COLOMBO: Nearly five centuries later and the memories are still hard to erase. The day was November 15, 1505, when Dom Lourenco de Almeida arrived off the harbour of Colombo in nine ships quite by accident after being caught in a storm.
And that accident led to one and a half centuries of Portuguese rule that can only be characterized by cruelty, greed and intolerance. The missionary zeal to spread the Christian religion was obvious in every move of the Portuguese. The new conquerors marched with the sword in one hand and the Bible in the other.
While Sri Lanka prepares next year to commemorate the 500th anniversary of the arrival of the Portuguese, a group of scholars, however, are on a mission to write their own version of history from the perspective of the colonized.
Like detectives going down the corridors of time, with clues and evidence spanning centuries, the band of around 30 people are pouring over ancient palm leaf manuscripts, scouring the museums of Western Europe, studying the details of paintings, checking out ancient tombstones and also digging for any clues from homes and temples. They are on a voyage of discovery.
"What is history?" asks Dr Susantha Goonatilake, a well- known Sri Lankan scholar. "History is written with a perspective and in the case of the Portuguese, like all other colonizers, the perspective is theirs," she tells IPS.
"What of our colonized people's, perspective?" she asks again. "Therefore, the documentation of the colonizers needs to be treated with circumspection." The Sri Lankan government has other motives with regard to the study.
"We will ask Portugal to admit to the atrocities committed in Sri Lanka and make a public apology, we will also seek reparation for loss of life and property during that time and get them to return the treasures spirited away from this land," Culture Minister Vijitha Herath told IPS.
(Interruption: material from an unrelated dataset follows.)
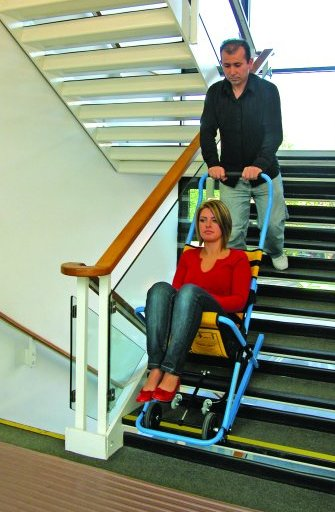 Man assisting a woman down the stairs with an "emergency stair descent device.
The government is banking on the academic study unearthing enough evidence for it to seek compensation from Portugal. In 1658, the Dutch ended the Portuguese rule of Sri Lanka, then known as Ceylon. After the Dutch, the country was under the British until 1948 - when Ceylon gained its independence.
During their occupation of Sri Lanka, the Portuguese fortified their power systematically by manipulating local kings. "A hundred and fifty-three years after the Portuguese first landed in Ceylon they were expelled from the country, leaving the gloomy word 'Failure' written large over all their actions," summed up Paul E. Pieris, the best known historian of this period.
"That however was not all, for they left the Sinhalese a broken race, with their ancient civilisation brought to the verge of ruin, and their scheme of life well-nigh destroyed," added Pieris.
There were claims that the Portuguese pilfered and plundered Sri Lanka's ancient Buddhist temples. However, he reveals that there is evidence the Portuguese destroyed 256 places of religious worship, both Buddhist and Hindu temples along the coastal belt.
Asked whether such an inquiry would stir up religious strife in a country that is already a simmering in a cauldron of religious intolerance, Herath says, "It will help us to accept what has happened and move ahead to the future...it will put history in its right perspective." "We also need to be careful so that it doesn't stoke the fires of religious extremism," cautions the minister. -Dawn/The Guardian News Service.